SHO8: The 5 W's (and an H) of Running a Portal
Patrick Collette, Genesee Community College
Mary Jane Heider, Genesee Community College
Genesee Community College has implemented SungardSCT's Luminis portal software as a key part of its administrative and instructional infrastructure. Reflecting on Who the portal is for, What it is used for, Where it fits into the institution's mission, When portals make sense, Why Genesee implemented a portal and How we're doing it, this session will tell you what has worked for Genesee. Additionally, the session will look at future plans for the portal.
This session is scheduled for Mon, Nov 7, from 4:45 PM to 5:15 PM.

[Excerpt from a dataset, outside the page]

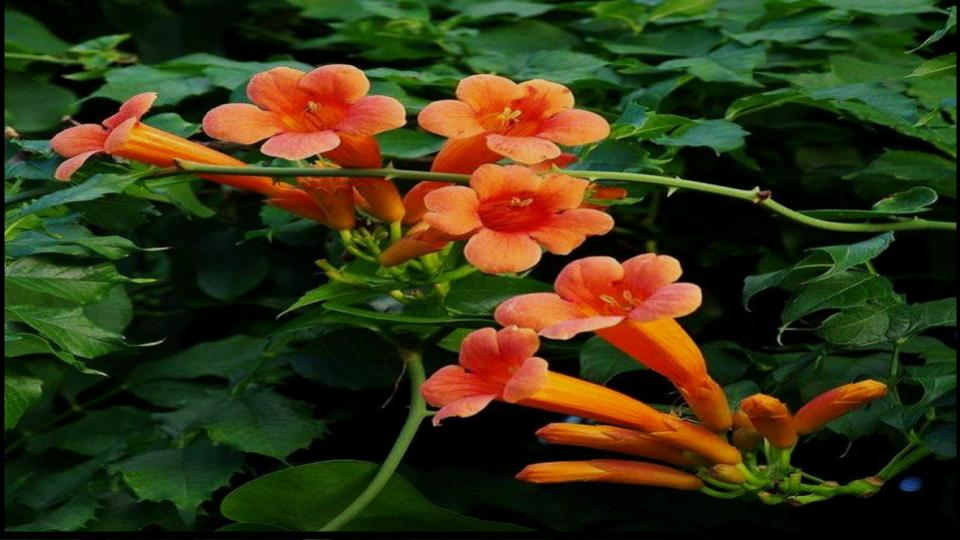 8 Popular Plants for Small Yards That Are a Nightmare—Here’s Why 4 Trumpet Vine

SHO9: Growing a Web-App for Residence Hall Room Selection
David Robinson, Carthage College
Mike Kishline, Carthage College
Two years ago, Carthage College decided to try building a Web-based application to handle the annual room sign-up process for our 1,000+ returning residential students. The application accommodates complex scheduling rules concerning who can sign up when, handles the unique needs of our fraternities and sororities, and interfaces with our administrative computing system. After two reasonably successful rounds of room selection for returning students, we were asked to build an extension to handle incoming students, including scoring the degree of fit based on survey responses, and suggesting likely roommate matches.
This session is scheduled for Monday, Nov. 7, from 4:45 PM to 5:15 PM.

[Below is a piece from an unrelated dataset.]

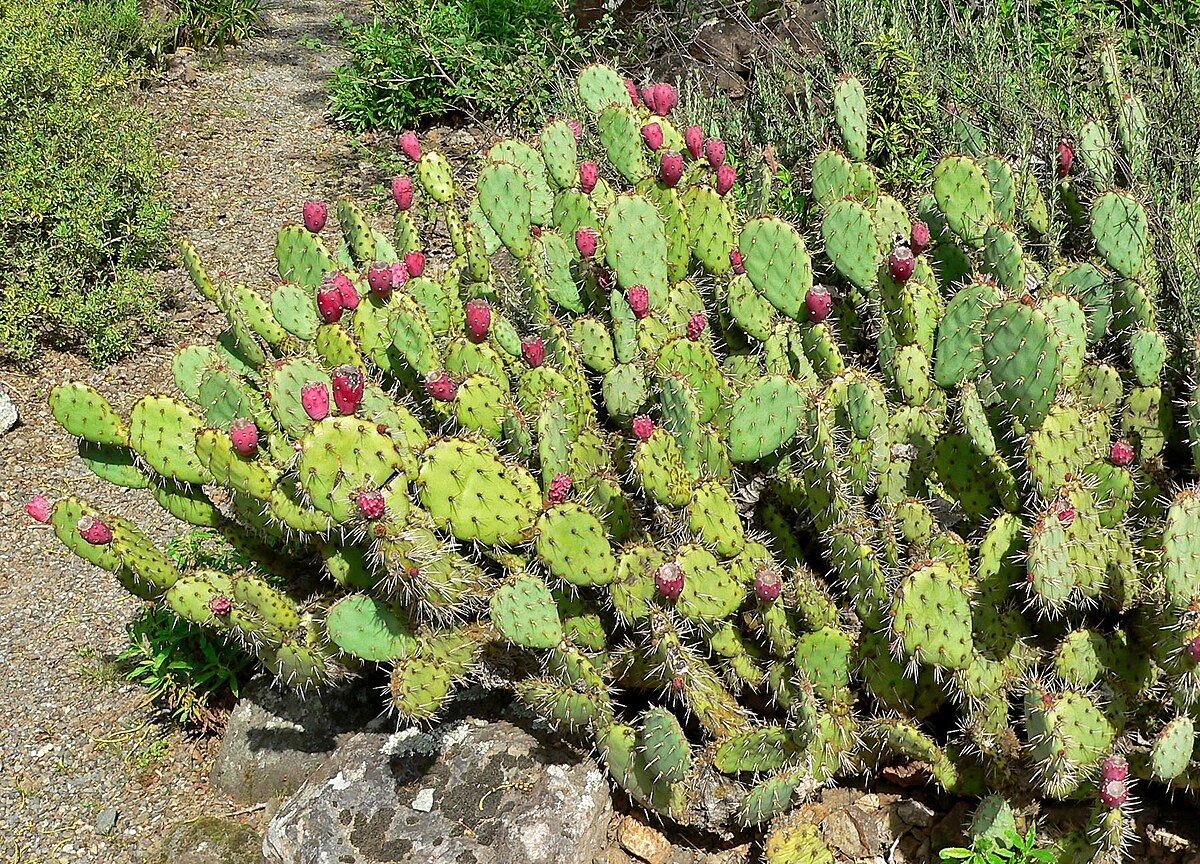 Close-Up of Red Opuntia Ficus Indica Fruits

SHO10: People, Process, Politics: How to Build a Distributed Model for Web Site Management
Ann May Vandor
Are you ready for a redesign? Web pages may beg for renovation, but if stakeholder interests are splintered, progress on redesign stands still. Using the University of Washington Business School as an example, this session will examine low-cost ways to implement a functional model of Web site management. Topics include: getting stakeholder buy-in, empowering Web editors, building an effective Web team, defining a governance structure, and creating low/no-cost processes for content management, as well as for style and branding adherence.
This session is scheduled for Monday, Nov. 7, from 4:45 PM to 5:15 PM.